In the listing below, find the line containing "Grinch Presents Unisex" and the line containing "Belgrad Serbien Marx". Repeat exactly those two lines and every line between them, nothing more.
━━━━━━
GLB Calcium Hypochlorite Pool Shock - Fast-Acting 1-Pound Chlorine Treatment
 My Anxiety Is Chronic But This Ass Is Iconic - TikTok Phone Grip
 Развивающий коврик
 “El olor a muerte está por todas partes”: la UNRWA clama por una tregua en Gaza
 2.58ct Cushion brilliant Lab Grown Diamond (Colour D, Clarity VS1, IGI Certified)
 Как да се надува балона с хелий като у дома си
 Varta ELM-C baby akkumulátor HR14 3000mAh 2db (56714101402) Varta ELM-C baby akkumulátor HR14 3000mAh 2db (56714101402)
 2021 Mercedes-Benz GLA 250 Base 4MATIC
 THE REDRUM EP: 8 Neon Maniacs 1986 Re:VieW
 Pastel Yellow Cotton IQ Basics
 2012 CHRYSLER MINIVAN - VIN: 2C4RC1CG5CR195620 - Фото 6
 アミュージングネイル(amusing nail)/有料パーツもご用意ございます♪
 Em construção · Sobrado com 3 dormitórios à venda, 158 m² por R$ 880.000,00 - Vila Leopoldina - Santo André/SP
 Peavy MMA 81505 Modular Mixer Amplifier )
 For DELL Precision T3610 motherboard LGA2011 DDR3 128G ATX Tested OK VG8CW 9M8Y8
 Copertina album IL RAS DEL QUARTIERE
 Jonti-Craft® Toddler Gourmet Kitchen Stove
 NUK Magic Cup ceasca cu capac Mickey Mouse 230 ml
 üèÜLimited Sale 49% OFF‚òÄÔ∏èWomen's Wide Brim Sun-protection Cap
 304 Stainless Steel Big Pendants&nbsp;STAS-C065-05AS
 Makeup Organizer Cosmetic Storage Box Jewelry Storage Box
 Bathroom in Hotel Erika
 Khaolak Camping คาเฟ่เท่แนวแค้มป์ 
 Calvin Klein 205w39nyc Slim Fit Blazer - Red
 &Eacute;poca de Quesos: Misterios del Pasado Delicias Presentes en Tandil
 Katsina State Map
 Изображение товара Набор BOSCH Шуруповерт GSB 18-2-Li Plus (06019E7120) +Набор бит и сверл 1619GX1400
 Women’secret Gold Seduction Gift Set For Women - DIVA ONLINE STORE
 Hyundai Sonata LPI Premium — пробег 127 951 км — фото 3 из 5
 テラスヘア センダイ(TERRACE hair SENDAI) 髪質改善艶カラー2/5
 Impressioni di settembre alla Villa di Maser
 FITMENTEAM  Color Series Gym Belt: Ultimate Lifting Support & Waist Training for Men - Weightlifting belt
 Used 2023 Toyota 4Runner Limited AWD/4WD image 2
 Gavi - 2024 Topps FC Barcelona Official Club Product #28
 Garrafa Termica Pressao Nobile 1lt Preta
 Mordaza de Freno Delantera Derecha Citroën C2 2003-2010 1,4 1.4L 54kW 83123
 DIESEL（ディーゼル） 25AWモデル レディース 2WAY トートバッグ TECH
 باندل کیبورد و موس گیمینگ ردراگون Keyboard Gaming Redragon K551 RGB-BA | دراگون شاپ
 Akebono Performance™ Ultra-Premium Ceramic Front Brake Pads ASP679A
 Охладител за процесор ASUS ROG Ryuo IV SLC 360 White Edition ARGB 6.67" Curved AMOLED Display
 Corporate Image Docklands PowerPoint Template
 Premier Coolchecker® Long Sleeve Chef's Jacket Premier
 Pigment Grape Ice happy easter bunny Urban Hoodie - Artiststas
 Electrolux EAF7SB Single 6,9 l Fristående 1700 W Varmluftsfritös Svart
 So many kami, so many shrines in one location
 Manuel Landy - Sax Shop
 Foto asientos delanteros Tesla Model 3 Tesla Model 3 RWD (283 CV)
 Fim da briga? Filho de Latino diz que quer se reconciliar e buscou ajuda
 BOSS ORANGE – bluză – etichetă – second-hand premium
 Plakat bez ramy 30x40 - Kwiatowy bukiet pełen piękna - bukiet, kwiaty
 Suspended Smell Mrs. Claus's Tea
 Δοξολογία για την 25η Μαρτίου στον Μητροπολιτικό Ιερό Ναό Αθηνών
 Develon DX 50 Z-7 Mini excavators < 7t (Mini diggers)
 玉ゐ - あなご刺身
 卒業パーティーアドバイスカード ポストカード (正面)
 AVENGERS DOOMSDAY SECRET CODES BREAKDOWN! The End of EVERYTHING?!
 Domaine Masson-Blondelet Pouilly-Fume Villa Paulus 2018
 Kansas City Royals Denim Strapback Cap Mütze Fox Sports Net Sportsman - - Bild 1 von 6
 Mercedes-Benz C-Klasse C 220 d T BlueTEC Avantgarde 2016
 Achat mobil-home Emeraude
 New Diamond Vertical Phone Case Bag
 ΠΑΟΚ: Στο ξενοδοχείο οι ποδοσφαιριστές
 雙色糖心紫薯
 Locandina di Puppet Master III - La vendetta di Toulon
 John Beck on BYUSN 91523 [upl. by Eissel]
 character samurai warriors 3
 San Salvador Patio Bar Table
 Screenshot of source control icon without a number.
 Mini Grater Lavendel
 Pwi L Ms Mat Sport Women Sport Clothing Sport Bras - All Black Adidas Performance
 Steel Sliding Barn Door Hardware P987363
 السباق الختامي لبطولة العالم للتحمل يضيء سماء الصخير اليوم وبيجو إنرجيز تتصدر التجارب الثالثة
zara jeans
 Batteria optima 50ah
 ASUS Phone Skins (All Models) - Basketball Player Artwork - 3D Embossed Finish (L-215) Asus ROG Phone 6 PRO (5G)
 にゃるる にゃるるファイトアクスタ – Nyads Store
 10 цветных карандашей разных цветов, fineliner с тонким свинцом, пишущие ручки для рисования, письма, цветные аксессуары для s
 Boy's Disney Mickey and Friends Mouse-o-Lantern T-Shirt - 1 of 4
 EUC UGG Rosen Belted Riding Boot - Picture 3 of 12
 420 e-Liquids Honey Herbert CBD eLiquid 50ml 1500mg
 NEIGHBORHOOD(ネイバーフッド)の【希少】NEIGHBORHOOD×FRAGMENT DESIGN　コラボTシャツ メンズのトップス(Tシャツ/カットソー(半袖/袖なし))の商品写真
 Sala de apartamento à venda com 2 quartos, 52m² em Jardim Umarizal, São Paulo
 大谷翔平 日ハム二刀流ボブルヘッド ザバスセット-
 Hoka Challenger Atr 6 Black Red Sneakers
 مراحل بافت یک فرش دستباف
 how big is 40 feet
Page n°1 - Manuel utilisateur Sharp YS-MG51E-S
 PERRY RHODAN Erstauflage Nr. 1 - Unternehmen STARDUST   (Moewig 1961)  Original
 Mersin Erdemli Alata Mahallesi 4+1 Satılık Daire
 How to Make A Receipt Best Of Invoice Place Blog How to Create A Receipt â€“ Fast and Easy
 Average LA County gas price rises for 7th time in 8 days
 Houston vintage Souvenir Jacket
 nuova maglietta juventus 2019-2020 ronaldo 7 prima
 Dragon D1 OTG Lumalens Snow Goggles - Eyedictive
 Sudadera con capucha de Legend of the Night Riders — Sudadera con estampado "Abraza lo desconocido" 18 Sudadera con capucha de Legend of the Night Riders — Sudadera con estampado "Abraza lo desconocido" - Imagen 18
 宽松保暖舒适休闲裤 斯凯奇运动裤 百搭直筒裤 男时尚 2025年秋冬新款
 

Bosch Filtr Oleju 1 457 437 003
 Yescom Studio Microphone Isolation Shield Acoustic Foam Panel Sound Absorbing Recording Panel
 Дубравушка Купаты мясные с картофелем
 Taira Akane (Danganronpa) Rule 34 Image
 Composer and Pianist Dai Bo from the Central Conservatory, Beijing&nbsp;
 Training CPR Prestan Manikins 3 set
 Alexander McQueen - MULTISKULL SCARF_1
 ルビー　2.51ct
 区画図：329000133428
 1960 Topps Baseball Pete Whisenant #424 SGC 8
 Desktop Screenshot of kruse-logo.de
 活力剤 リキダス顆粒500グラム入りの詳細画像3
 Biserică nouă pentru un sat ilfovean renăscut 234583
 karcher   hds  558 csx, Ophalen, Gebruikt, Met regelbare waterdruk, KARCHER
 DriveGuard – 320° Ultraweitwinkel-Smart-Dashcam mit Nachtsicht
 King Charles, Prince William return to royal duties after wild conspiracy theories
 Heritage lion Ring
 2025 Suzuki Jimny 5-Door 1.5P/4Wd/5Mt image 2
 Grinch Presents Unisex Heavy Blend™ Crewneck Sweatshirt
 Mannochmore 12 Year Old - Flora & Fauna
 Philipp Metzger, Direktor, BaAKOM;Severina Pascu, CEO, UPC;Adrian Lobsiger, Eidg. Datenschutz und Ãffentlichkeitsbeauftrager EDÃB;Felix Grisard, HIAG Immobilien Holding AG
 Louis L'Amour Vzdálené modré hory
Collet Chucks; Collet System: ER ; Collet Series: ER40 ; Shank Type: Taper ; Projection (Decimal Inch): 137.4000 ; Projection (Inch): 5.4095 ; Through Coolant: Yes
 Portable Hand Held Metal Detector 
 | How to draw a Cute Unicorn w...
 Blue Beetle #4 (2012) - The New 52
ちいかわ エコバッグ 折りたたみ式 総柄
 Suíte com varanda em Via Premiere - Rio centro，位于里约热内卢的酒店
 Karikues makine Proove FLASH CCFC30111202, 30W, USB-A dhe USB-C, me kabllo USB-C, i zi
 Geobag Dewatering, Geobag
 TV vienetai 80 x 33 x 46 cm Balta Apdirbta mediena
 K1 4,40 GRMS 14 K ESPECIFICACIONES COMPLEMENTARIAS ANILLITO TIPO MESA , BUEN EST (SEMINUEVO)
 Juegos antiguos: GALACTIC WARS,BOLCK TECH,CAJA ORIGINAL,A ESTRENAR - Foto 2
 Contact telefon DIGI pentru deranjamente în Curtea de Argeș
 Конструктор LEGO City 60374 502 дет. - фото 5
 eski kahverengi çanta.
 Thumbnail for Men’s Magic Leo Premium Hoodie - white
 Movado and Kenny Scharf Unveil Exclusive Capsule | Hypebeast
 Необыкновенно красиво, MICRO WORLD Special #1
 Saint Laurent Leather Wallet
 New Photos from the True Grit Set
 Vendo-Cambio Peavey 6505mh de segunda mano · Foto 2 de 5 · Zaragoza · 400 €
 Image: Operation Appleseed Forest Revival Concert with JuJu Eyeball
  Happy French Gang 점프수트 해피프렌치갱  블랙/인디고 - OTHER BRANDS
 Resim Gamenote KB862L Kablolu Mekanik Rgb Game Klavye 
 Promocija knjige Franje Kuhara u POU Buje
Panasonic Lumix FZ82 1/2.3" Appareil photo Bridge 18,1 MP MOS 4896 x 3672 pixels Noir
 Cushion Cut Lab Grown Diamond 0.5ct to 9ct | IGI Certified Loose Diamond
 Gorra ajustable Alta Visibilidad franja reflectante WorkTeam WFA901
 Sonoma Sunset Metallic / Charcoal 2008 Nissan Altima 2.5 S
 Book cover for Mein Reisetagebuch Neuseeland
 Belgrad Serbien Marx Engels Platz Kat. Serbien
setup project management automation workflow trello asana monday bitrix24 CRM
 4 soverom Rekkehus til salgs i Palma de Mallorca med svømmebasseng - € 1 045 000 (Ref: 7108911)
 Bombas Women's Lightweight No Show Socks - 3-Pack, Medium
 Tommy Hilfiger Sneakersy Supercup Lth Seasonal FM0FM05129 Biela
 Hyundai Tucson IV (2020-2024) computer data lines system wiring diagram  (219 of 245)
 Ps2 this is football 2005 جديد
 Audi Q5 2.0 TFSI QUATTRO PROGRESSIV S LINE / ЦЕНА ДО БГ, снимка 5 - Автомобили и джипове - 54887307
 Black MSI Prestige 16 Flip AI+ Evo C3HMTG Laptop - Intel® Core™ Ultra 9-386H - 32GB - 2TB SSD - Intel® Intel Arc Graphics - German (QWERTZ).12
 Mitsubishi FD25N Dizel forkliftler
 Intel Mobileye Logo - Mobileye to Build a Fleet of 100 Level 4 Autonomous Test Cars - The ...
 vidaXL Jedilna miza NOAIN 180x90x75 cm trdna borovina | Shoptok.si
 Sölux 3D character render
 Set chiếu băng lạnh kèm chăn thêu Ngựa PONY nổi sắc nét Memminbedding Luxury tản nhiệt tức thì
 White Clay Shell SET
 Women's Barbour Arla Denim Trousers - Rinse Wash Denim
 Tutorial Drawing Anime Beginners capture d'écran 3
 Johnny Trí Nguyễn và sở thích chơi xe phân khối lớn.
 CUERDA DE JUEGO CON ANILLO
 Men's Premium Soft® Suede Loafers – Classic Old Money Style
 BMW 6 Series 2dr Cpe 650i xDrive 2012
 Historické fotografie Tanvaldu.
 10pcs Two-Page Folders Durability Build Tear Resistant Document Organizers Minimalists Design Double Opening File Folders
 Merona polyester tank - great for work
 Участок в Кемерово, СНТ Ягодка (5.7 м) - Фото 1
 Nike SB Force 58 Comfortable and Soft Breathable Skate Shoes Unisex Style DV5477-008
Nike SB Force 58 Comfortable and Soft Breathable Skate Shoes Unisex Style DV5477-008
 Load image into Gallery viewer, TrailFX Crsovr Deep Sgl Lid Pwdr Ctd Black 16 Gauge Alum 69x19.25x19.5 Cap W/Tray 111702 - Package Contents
━━━━━━
▶ [The answer]:
 Grinch Presents Unisex Heavy Blend™ Crewneck Sweatshirt
 Mannochmore 12 Year Old - Flora & Fauna
 Philipp Metzger, Direktor, BaAKOM;Severina Pascu, CEO, UPC;Adrian Lobsiger, Eidg. Datenschutz und Ãffentlichkeitsbeauftrager EDÃB;Felix Grisard, HIAG Immobilien Holding AG
 Louis L'Amour Vzdálené modré hory
Collet Chucks; Collet System: ER ; Collet Series: ER40 ; Shank Type: Taper ; Projection (Decimal Inch): 137.4000 ; Projection (Inch): 5.4095 ; Through Coolant: Yes
 Portable Hand Held Metal Detector 
 | How to draw a Cute Unicorn w...
 Blue Beetle #4 (2012) - The New 52
ちいかわ エコバッグ 折りたたみ式 総柄
 Suíte com varanda em Via Premiere - Rio centro，位于里约热内卢的酒店
 Karikues makine Proove FLASH CCFC30111202, 30W, USB-A dhe USB-C, me kabllo USB-C, i zi
 Geobag Dewatering, Geobag
 TV vienetai 80 x 33 x 46 cm Balta Apdirbta mediena
 K1 4,40 GRMS 14 K ESPECIFICACIONES COMPLEMENTARIAS ANILLITO TIPO MESA , BUEN EST (SEMINUEVO)
 Juegos antiguos: GALACTIC WARS,BOLCK TECH,CAJA ORIGINAL,A ESTRENAR - Foto 2
 Contact telefon DIGI pentru deranjamente în Curtea de Argeș
 Конструктор LEGO City 60374 502 дет. - фото 5
 eski kahverengi çanta.
 Thumbnail for Men’s Magic Leo Premium Hoodie - white
 Movado and Kenny Scharf Unveil Exclusive Capsule | Hypebeast
 Необыкновенно красиво, MICRO WORLD Special #1
 Saint Laurent Leather Wallet
 New Photos from the True Grit Set
 Vendo-Cambio Peavey 6505mh de segunda mano · Foto 2 de 5 · Zaragoza · 400 €
 Image: Operation Appleseed Forest Revival Concert with JuJu Eyeball
  Happy French Gang 점프수트 해피프렌치갱  블랙/인디고 - OTHER BRANDS
 Resim Gamenote KB862L Kablolu Mekanik Rgb Game Klavye 
 Promocija knjige Franje Kuhara u POU Buje
Panasonic Lumix FZ82 1/2.3" Appareil photo Bridge 18,1 MP MOS 4896 x 3672 pixels Noir
 Cushion Cut Lab Grown Diamond 0.5ct to 9ct | IGI Certified Loose Diamond
 Gorra ajustable Alta Visibilidad franja reflectante WorkTeam WFA901
 Sonoma Sunset Metallic / Charcoal 2008 Nissan Altima 2.5 S
 Book cover for Mein Reisetagebuch Neuseeland
 Belgrad Serbien Marx Engels Platz Kat. Serbien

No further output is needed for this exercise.